Musical mystery: researchers examine science behind performer movements
BY Michelle Donovan
July 4, 2017
Researchers at McMaster are one step closer to solving one of the mysteries of social interaction: how musicians communicate during a performance and anticipate one another’s moves without saying a word.
The findings are important because a clearer appreciation of how musicians silently work together—across tempo changes, phrasing and musical dynamics—will improve our understanding of nonverbal communication. That could lead to better techniques to reach those with conditions such as autism or dementia, say researchers.
Using sophisticated technology, which included infrared markers, motion capture sensors and mathematical modelling, scientists examined the movements of musicians from two professional string quartets. They found they could predict from the body sway of one musician, what another would do next.
While some assumed the role as leaders, and others as followers, researchers found the leaders were far more influential in the ensemble.
They also found the degree of body sway communication among the musicians was connected to their perceptions of how well they performed together.

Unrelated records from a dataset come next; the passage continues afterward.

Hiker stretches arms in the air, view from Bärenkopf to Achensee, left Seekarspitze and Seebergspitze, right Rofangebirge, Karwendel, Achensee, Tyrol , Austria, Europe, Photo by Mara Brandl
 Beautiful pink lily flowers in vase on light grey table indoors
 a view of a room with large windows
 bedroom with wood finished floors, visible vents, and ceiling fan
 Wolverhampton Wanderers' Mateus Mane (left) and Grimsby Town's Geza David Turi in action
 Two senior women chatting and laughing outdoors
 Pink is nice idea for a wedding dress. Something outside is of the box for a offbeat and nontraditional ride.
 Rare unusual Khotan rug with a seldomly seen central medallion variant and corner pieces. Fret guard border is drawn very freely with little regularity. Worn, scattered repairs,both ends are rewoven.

“Although we are often not consciously aware of it, non-verbal communications between people is common in many situations and influences who we like and who we don’t like,” explains Dan Bosnyak, a researcher and technical director at McMaster’s LIVELab, where the work was conducted.
“The methodology developed in this study could be useful for understanding many different types of group behaviour, such as understanding communication problems in autistic children or determining the best crowd control procedures for an emergency evacuation,” he says.
Researchers also plan to analyze whether body sway influences other forms of social interaction, such as romantic relationships.
They plan to run a speed dating study this summer, where they will investigate whether the amount of body movement coordination between two people interacting for a very short period of time—just three minutes—can predict a romantic match.
The study was published online in the journal PNAS.